── Task data
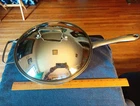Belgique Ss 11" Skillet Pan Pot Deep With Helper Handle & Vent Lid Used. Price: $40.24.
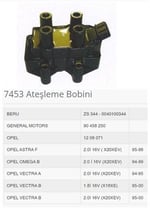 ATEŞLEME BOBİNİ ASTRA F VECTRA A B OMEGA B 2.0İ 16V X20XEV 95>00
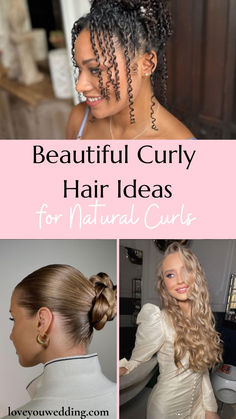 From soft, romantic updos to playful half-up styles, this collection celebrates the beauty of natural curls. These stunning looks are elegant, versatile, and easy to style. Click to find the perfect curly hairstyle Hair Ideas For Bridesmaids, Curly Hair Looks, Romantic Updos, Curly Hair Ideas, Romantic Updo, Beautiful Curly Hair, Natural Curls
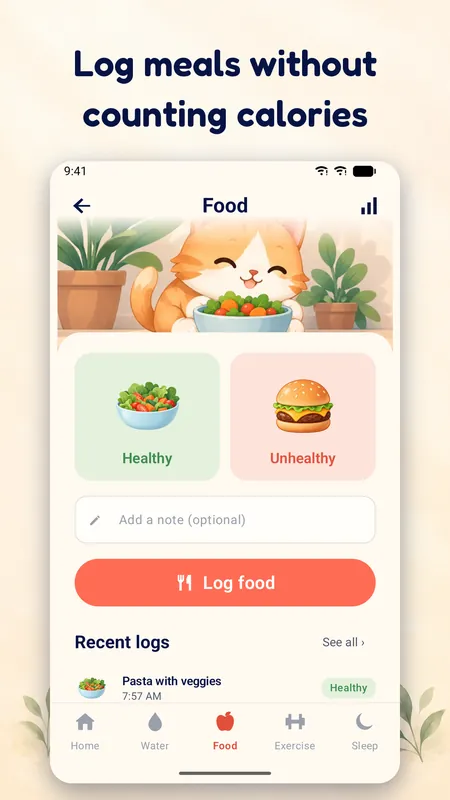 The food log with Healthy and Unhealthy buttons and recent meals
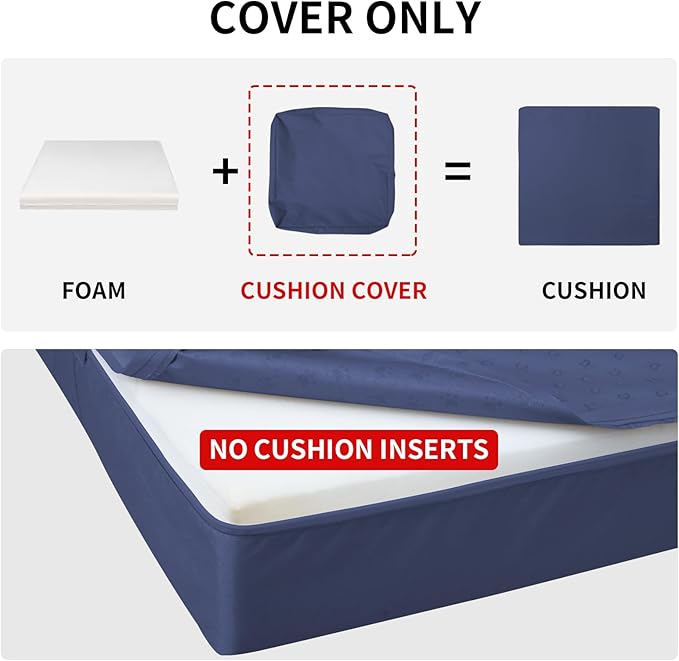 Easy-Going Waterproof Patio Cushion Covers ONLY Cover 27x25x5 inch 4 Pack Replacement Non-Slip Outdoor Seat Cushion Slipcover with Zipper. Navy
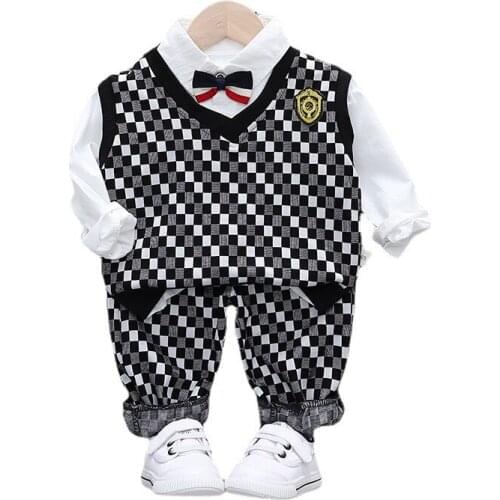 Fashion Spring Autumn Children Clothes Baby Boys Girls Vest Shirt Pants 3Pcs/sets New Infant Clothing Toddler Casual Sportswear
────
Reproduce the preceding material exactly, skipping pictures.

Belgique Ss 11" Skillet Pan Pot Deep With Helper Handle & Vent Lid Used. Price: $40.24.
 ATEŞLEME BOBİNİ ASTRA F VECTRA A B OMEGA B 2.0İ 16V X20XEV 95>00
 From soft, romantic updos to playful half-up styles, this collection celebrates the beauty of natural curls. These stunning looks are elegant, versatile, and easy to style. Click to find the perfect curly hairstyle Hair Ideas For Bridesmaids, Curly Hair Looks, Romantic Updos, Curly Hair Ideas, Romantic Updo, Beautiful Curly Hair, Natural Curls
 The food log with Healthy and Unhealthy buttons and recent meals
 Easy-Going Waterproof Patio Cushion Covers ONLY Cover 27x25x5 inch 4 Pack Replacement Non-Slip Outdoor Seat Cushion Slipcover with Zipper. Navy
 Fashion Spring Autumn Children Clothes Baby Boys Girls Vest Shirt Pants 3Pcs/sets New Infant Clothing Toddler Casual Sportswear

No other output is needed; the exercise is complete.